Let’s get summary stats by group and compare performance by function. We will use the pipeable rstatix package that implements commonly used statistical tests with great efficiency. It’s easy to use and intuitive if you are familiar with the tidyverse framework.
First let’s drop the age column. We only want to work with age and education for now.
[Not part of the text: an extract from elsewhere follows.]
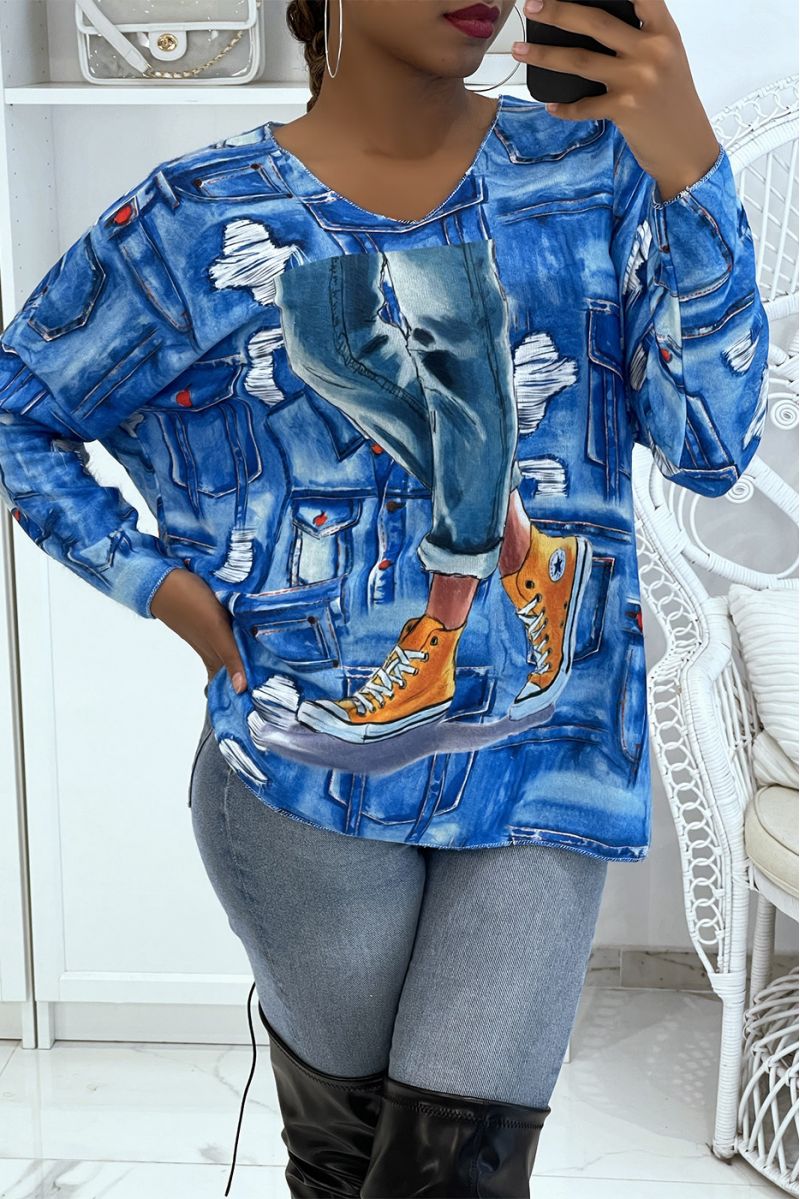 Very soft light blue oversized V-neck sweater with batwing sleeves and fashion design print   - 1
Let’s compare performance between subsetting in base R and using dplyr::select().
microbenchmark(unit = "s", subset = subset(bfi_df, select = -age), base = bfi_df[-which(names(bfi_df) ==
"age")], dplyr = bfi_df %>%
select(-age))
Unit: seconds
expr min lq mean median uq max neval
subset 0.1817567 0.2470196 0.274318339 0.25980475 0.27465780 0.5020816 100
base 0.0000157 0.0000255 0.000048281 0.00003040 0.00006945 0.0001296 100
dplyr 0.0010276 0.0011293 0.001467883 0.00146475 0.00159710 0.0032317 100
cld
b
a
a
Indexing using brackets is typically faster than tidyverse, but the code is not as accessible. This is a common trade off between the tidyverse approach and other approaches. For now, let’s use bracket notation to get the data set. Then, let’s compare the performance of different functions on group comparisons by gender and education.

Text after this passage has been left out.